Les spéculations logiques et métaphysiques des Indiens ne sont pas restées non plus inconnues des musulmans. Elles ont eu cependant beaucoup moins d’effet sur le développement scientifique que leurs mathématiques et leur astrologie. Les recherches des Indiens, associées à leurs livres sacrés et entièrement déterminées [10] par un but religieux, ont certainement eu une influence durable sur le soufisme persan et le mysticisme islamique. Mais, une fois pour toutes, la philosophie est une conception grecque, et nous n’avons pas le droit, par déférence au goût du jour, d’accorder une place excessive dans notre description aux pensées enfantines des pieux Hindous. Ce que ces pénitents méditatifs ont avancé sur la démonstration trompeuse de tout ce qui est sensible peut souvent avoir un charme poétique, tout comme cela s’accorde peut-être avec ces observations sur la fugacité de tout ce qui est terrestre, auxquelles l’Orient avait accès dans les sources néo-pythagoriciennes et néo-platoniciennes ; Mais elle n’a pas contribué autant que ces dernières à l’explication des phénomènes ou à l’éveil de l’esprit scientifique. Ce n’est pas l’imagination indienne, mais l’esprit grec qui a été nécessaire pour orienter le processus de réflexion vers la connaissance du réel. Le meilleur exemple en est fourni par les mathématiques arabes. De l’avis de ceux qui connaissent le mieux la matière, la seule chose indienne dans cette discipline est l’arithmétique, tandis que l’algèbre et la géométrie sont grecques, prépondérantes, sinon exclusives. A peine un seul Indien a pénétré dans la notion de mathématiques pures. Le nombre, même dans sa forme la plus élevée, est toujours resté quelque chose de concret ; et dans la philosophie indienne, la connaissance n’était en général qu’un moyen. La délivrance du mal de l’existence était le but, et la philosophie un chemin vers la vie de béatitude. De là la monotonie de cette sagesse, concentrée comme elle l’était sur l’essence de toutes choses dans son Unité, en contraste avec la science aux multiples branches des Hellènes, qui s’efforçait de comprendre les opérations de la Nature et de l’Esprit de tous côtés.
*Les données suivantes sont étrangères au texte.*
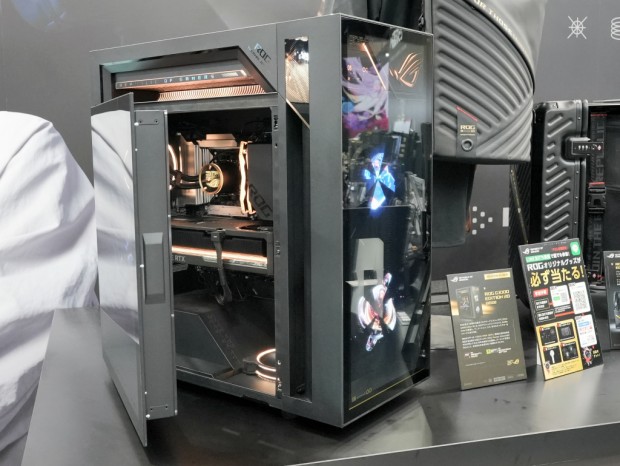 ROG 20周年記念モデル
La sagesse orientale, l’astrologie et la cosmologie ont [11] livré aux penseurs musulmans des matériaux de toutes sortes, mais la forme, le principe formateur, leur est venue des Grecs. Dans tous les cas où l’on ne se livre pas à une simple énumération ou à un enchaînement fortuit, mais où l’on tente d’arranger le Divers selon des points de vue positifs ou logiques, on peut conclure avec toute probabilité que des influences grecques ont joué un rôle.